GIVEN DATA
= = = = =

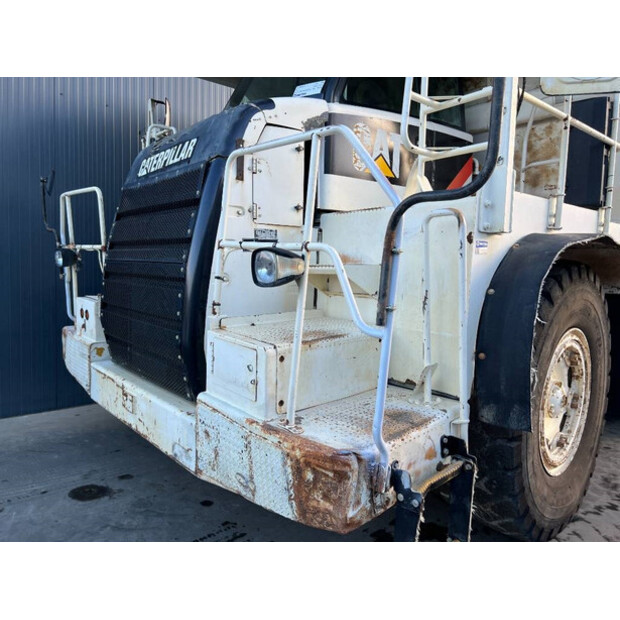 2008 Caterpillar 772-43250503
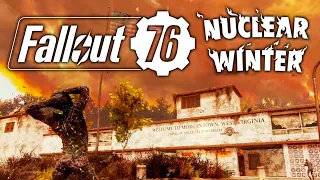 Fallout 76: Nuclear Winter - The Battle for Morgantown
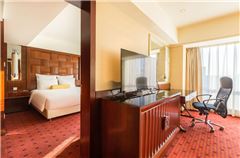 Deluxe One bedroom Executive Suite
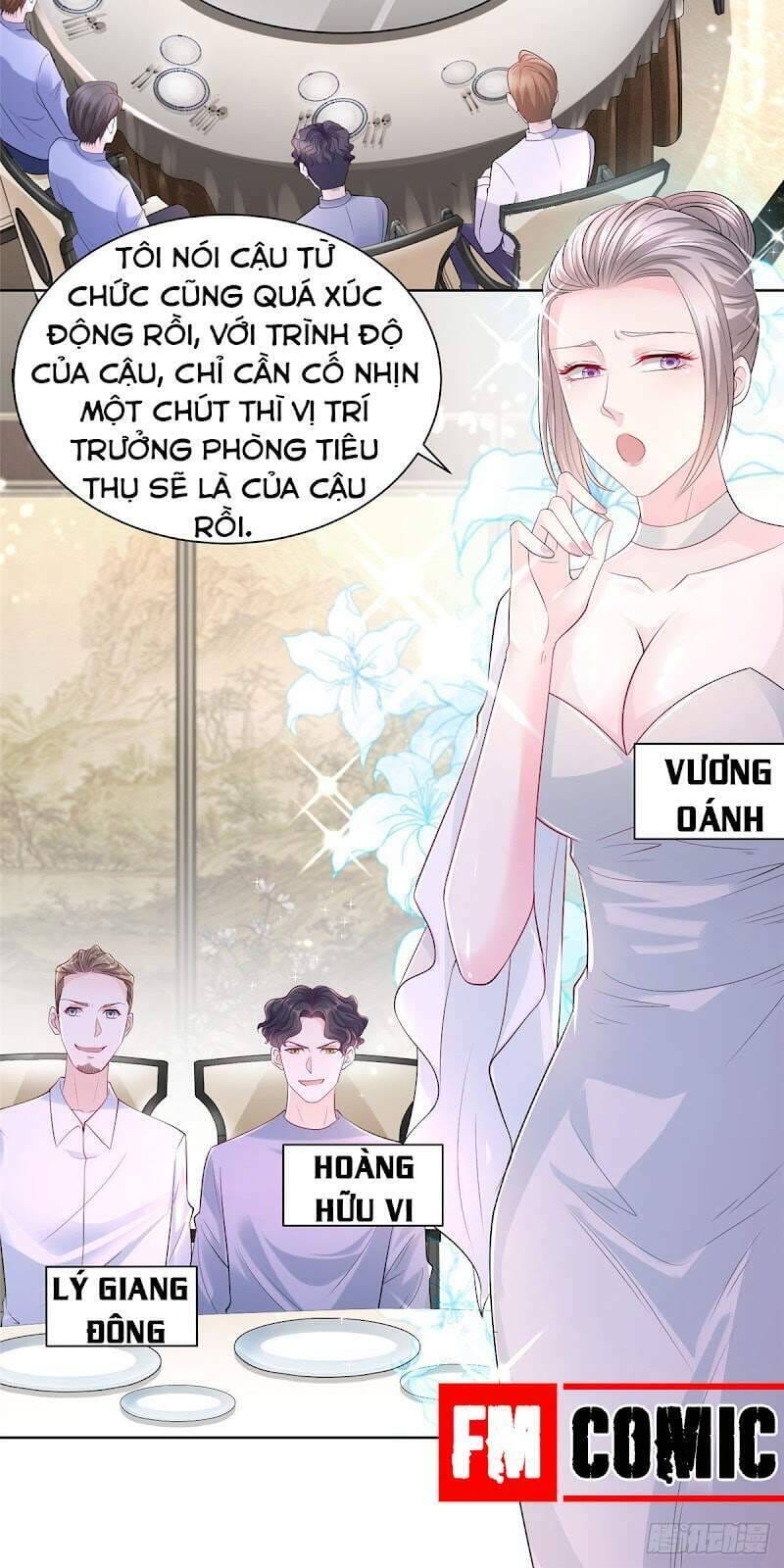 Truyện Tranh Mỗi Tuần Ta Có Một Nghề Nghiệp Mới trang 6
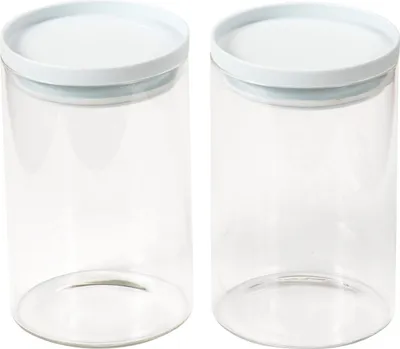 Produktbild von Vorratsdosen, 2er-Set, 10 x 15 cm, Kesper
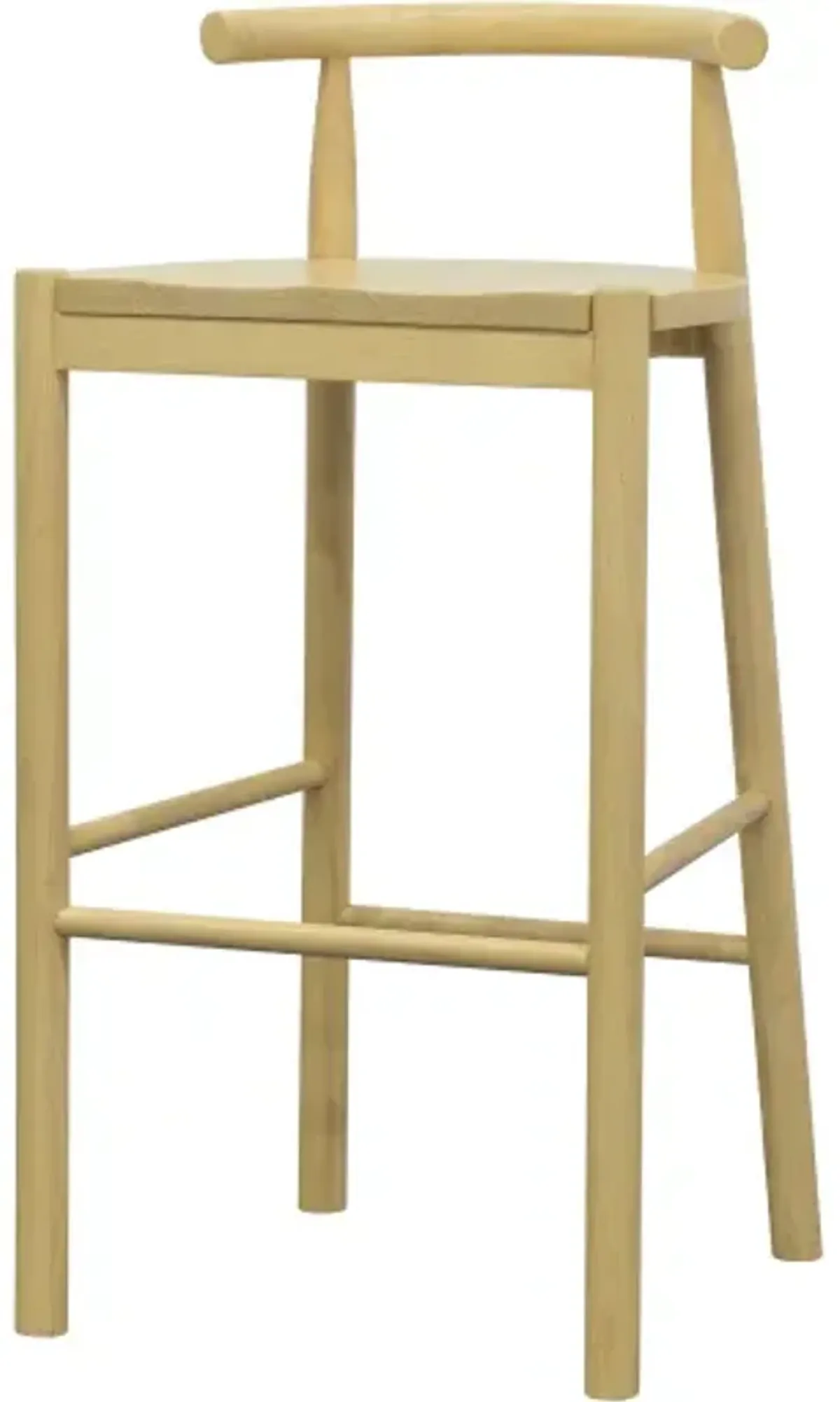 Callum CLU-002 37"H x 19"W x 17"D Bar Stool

= = = = =

DIRECTIONS FOR THIS TASK
Starting with the first line of the material, print each line exactly until you have printed the line with "Produktbild von Vorratsdosen, 2er-Set, 10", and skip the pictures.

ANSWER FOR THIS EXERCISE
 2008 Caterpillar 772-43250503
 Fallout 76: Nuclear Winter - The Battle for Morgantown
 Deluxe One bedroom Executive Suite
 Truyện Tranh Mỗi Tuần Ta Có Một Nghề Nghiệp Mới trang 6
 Produktbild von Vorratsdosen, 2er-Set, 10 x 15 cm, Kesper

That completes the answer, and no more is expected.